Another reply to Birdie's inquiry about organization of serials:
At Utah State "The Serials Department" performs the following
functions: ordering (where there's any $!), invoice payment, records
management (that's our Geac acquisitions/check-in system, not
cataloging records--but requires the same title tracking, etc.),
all-library mailroom, check-in, claiming, and binding (in-house
pamphlet type and outside commercial). In addition, "Serials" includes
all management of the Current Periodicals public service area (open
stacks, informational questions, limited reference-type questions,
re-shelving, shelfreading, copy machine, etc.).
In addition to these duties, "Serials" is technically responsible for
all collection development and acquisitions functions for the serials
collection (6,000 active titles). This involves budgeting, campus-
wide serials reviews, etc.

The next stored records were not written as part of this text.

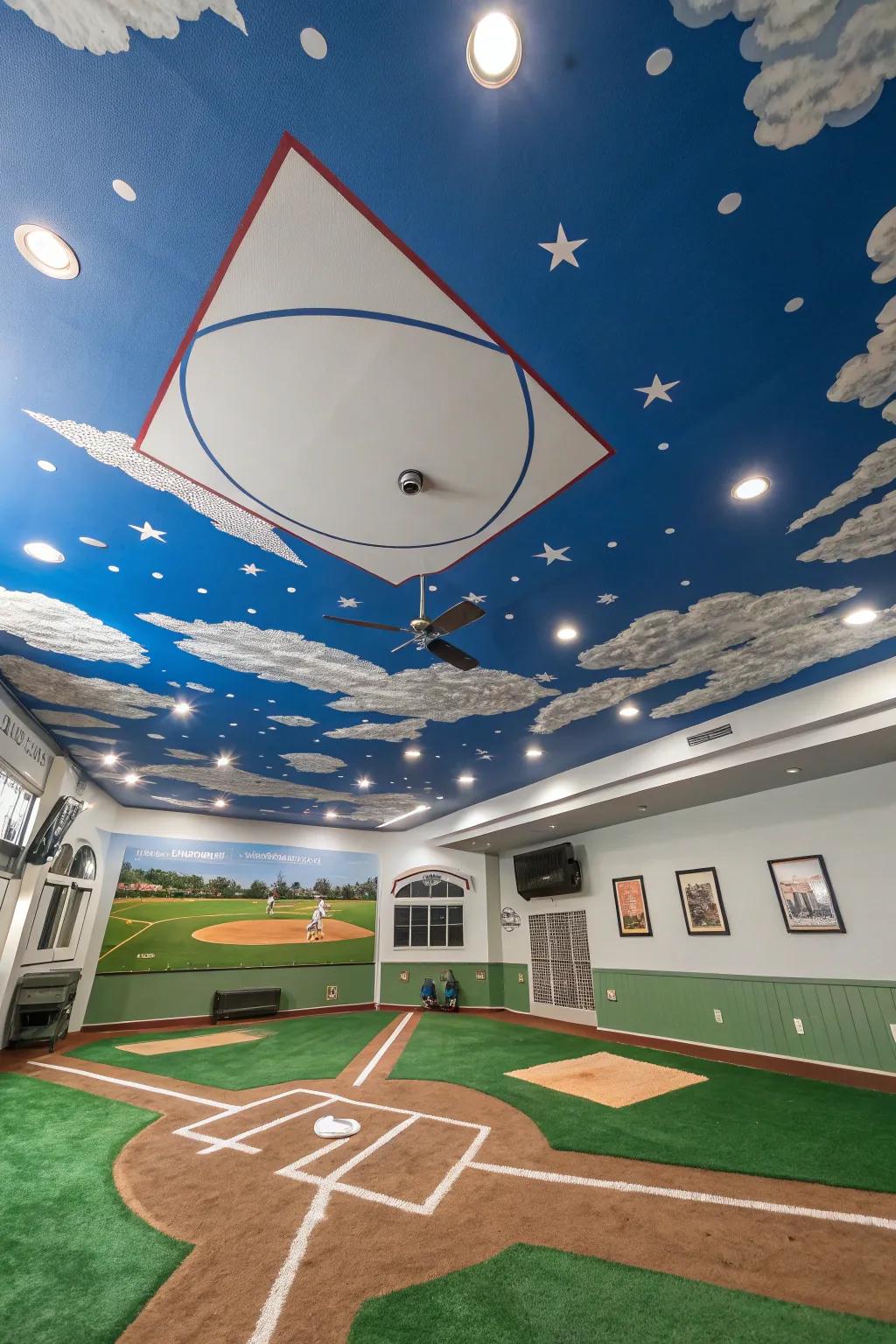 A ceiling styled as a baseball field delivers an engaging, immersive ambiance.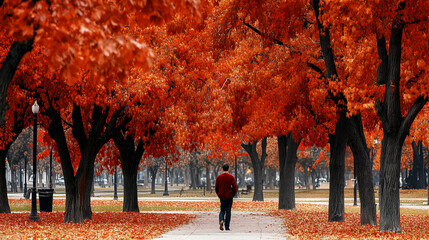 Man walking on a path through vibrant red autumn trees, leaves on the ground. Serene fall scenery.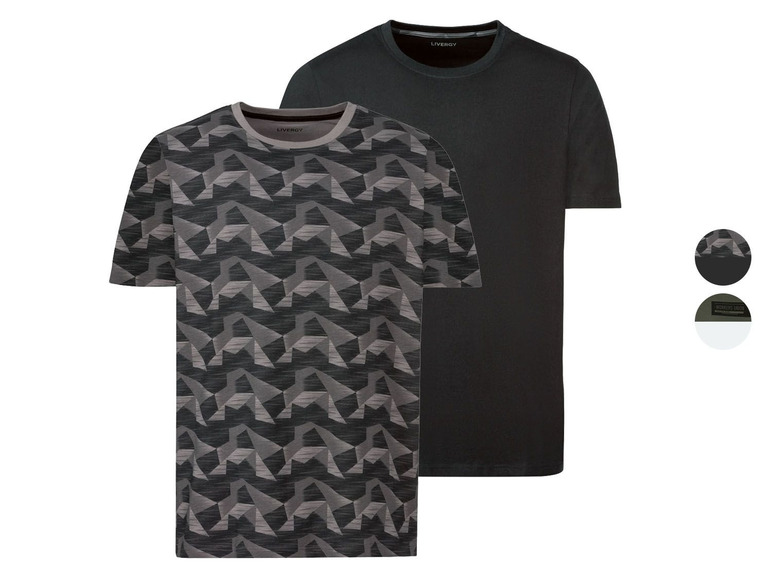 Gehe zu Vollbildansicht: LIVERGY® T-Shirt Herren, 2 Stück, mit Rundhalsausschnitt - Bild 1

However--this is a disputed territory in
our library, as the head of book acquisitions wants to be the head of
both, and the higher-ups refuse to clarify the territory. This results
in continuous stepping on each other's toes.
A more comfortable interface is with the cataloging department.
Serials cataloging is done under Cataloging rather than under Serials,
and we have an excellent relationship there. The somewhat odd arrange-
ment of the Geac system, in which we keep acquisitions bibliographic-ish
info which is distinct from the "official" cataloging record could make
for complications, but so far all has gone well.
As for supervision, as "Head of Serials," I'm responsible for everything
listed in paragraph 1, above, and for the serials collection development
and acquisitions activities. Cataloging and book acquisitions are, of
course, distinct--each with its own department head.
Is this arrangement workable? Not bad. I would, after five years, still
like some clarification on the acquisitions issue, and have in fact recently
started suggesting they reassign all acquisitions activities (book and serial)
to the book acquisitions person. As for the public service area, my
preference would be to combine current and bound periodicals and microforms
into physically adjacent areas with a single public service desk. At this
time, however, space does not permit such an arrangement. I DO like the
combination of Current Periodicals and the serials check-in/claiming/etc.
operations in a single department. Communication between these two
sections has been greatly enhanced by merging them, some five years back.